EXERCISE REQUIREMENTS:
Only the lines from the one with "Apartamento T4 à" to the end of the listing below should be set down, exactly as written and without any pictures.

DATA:
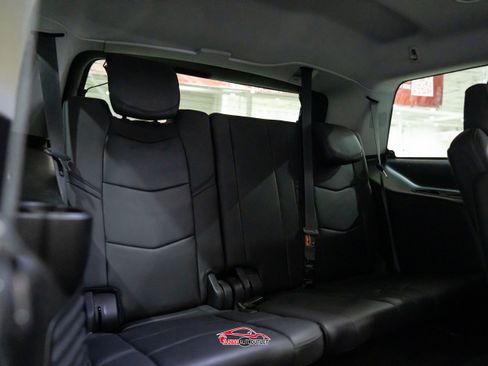 Used 2020 Cadillac Escalade Luxury AWD/4WD image 20
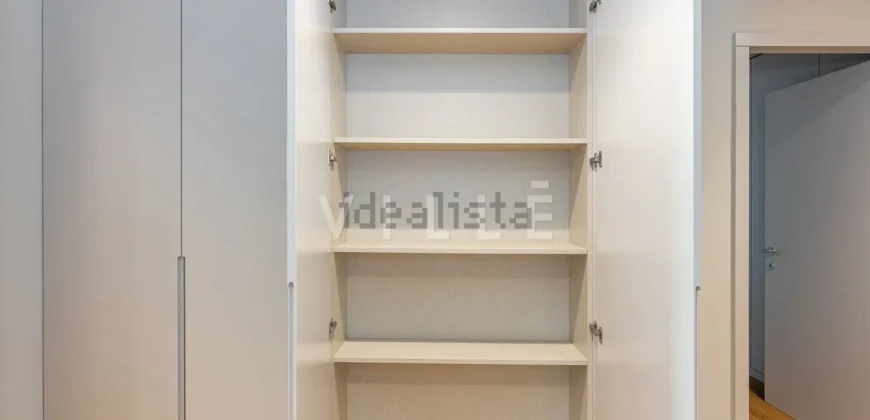Apartamento T4 à venda na Alameda Jardins da Arrábida, 1145 em Porto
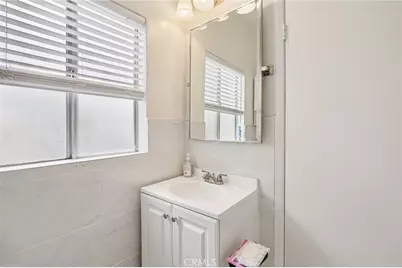 1015 S Mansfield Avenue, Los Angeles, CA 90019 - Photo 15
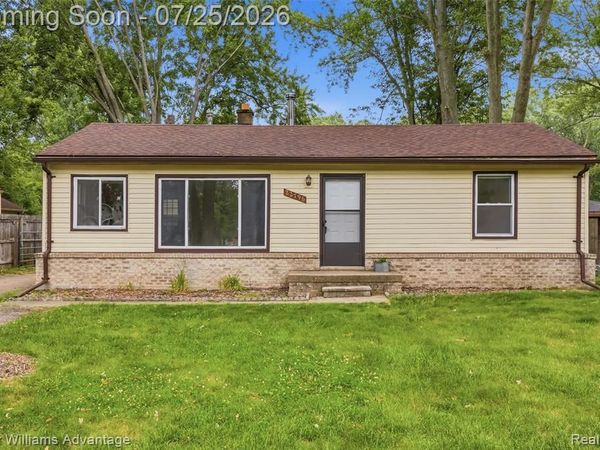 22796 Watt Drive, Farmington Hills, MI 48336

RESPONSE AREA:
Apartamento T4 à venda na Alameda Jardins da Arrábida, 1145 em Porto
 1015 S Mansfield Avenue, Los Angeles, CA 90019 - Photo 15
 22796 Watt Drive, Farmington Hills, MI 48336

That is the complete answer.